Men hanker after luxury watches, women after luxury handbags. Or at least that was the case until the economy stumbled and the luxury market had its wings clipped.

Sales of luxury goods in China nonetheless continued to grow in 2014, thanks to the rising number of high net worth individuals and affluent households, as well as the middle classes with strong spending power and a new penchant for affordable luxury goods. Meanwhile, steadily increasing disposable incomes and continued urbanisation also stimulated consumption.

With an increase of US$9.6 billion in real terms over 2009-2014, aside from the US, the biggest luxury market, which increased by US$18.0 billion over the same time period, no other market came close in terms of absolute growth.

However, thanks to the decelerating economy in China, as well as anti-corruption measures implemented by President Xi Jinping at the end of 2012, the impressive growth fizzled out towards the end of the review period, leading many luxury brands to question their strategy for China as well as other emerging markets.


 Luxury goods sales in China increased by $9.6 billion in real terms over 2009-2014 


In order to curb corruption and extravagance, in 2012, the central government not only implemented regulations to prohibit purchasing luxury goods with public funds, but also began to investigate officials who were exposed by the public as owning luxury goods.

Such effective efforts greatly clamped down on gifting in China, which used to form a significant part of luxury goods consumption in the country, resulting in the overall weakening of demand for luxury goods. Indeed, our latest research indicates that sales of luxury goods in China dropped from third to fourth place in our 2014 global rankings, and our forecasts for China have also been revised downwards.

While this anti-corruption drive is clearly positive, and a step in the right direction, its ranking of 80th out of 177 countries in Transparency International’s Corruption Perceptions Index 2013 is unchanged from the previous year’s index out of 176 countries.

That said, it is clear that current measures are having an impact, with real growth in many key luxury categories considerably lower in 2013 and 2014, compared with 2012. For example, retail sales of luxury cognac fell by 11% in real terms in 2013, compared to a 16% rise in 2012, whilst sales of luxury watches fell by 9% in real terms in 2013, compared to a 6% increase in 2012.


 China ranks 80th out of 177 countries in Transparency International’s Corruption Perceptions Index 


Chinese Economy Stumbles

After nearly three decades of uninterrupted growth, the world became accustomed to China serving as one of its major engines for growth. However, the economy has stumbled in recent years and real GDP growth slipped to 7.7% in both 2012 and 2013, down from 9.3%in 2011 and 10.4% in 2010 respectively. The slowdown was due to a drop in export demand in key markets, as well as weaknesses in domestic demand.

To help the economy, the government sped up approvals for the construction of new highways, ports, railways and sewage networks in the second half of 2012, with investment in infrastructure projects exceeding US$795 billion in the third quarter of the year. And in April 2014, the government announced a target of 7.5% real GDP growth during the year as a whole.

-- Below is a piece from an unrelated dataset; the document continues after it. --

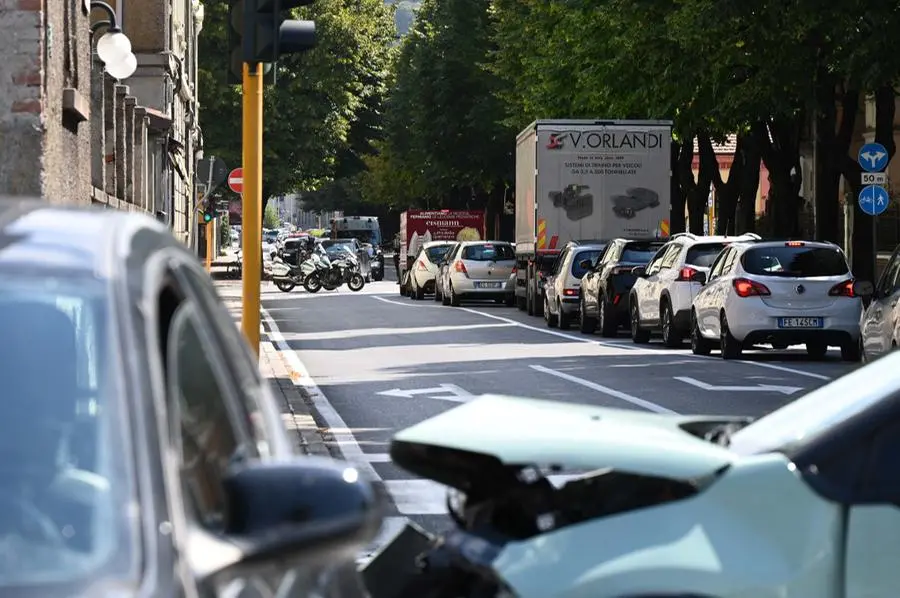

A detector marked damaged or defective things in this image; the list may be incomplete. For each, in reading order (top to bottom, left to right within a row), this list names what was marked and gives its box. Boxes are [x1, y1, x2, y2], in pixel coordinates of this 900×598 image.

crumpled car hood [390, 394, 740, 488] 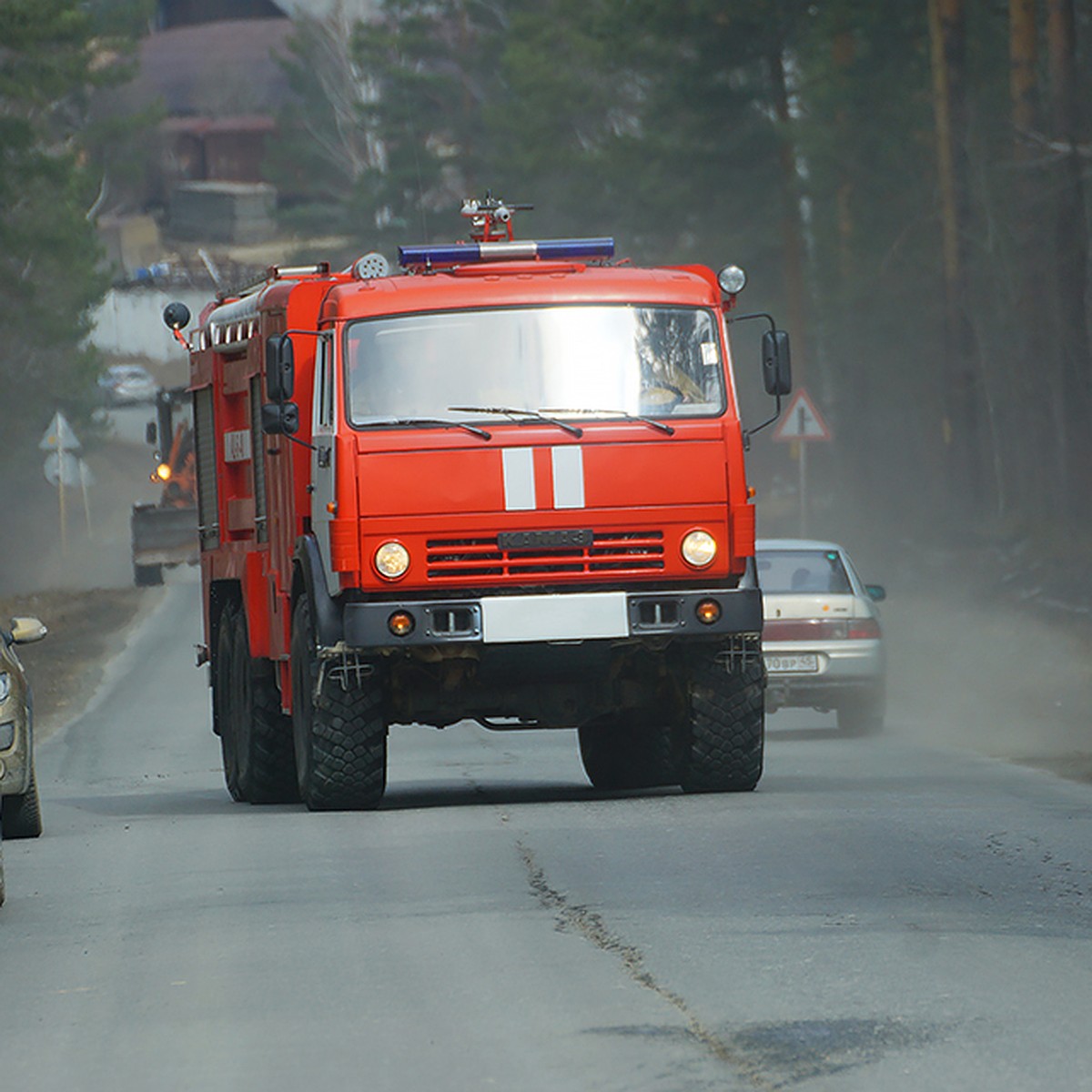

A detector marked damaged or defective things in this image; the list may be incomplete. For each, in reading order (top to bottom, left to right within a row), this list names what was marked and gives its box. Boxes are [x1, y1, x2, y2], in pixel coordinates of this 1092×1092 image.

asphalt crack [513, 841, 775, 1085]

The government’s tolerance for growth slipping significantly below 7.5% is likely to be limited because 7.5% represents the slowest rate of growth since 1990. In fact, the government has already announced a mini stimulus, which involves bringing forward infrastructure projects and offering tax breaks for business.

If income growth slows and employment creation stalls, then a stimulus is more probable. However, any stimulus is likely to be targeted to avoid a further credit boom and added upward pressure on property prices. For the moment, all that can be said in this regard is “watch this space”.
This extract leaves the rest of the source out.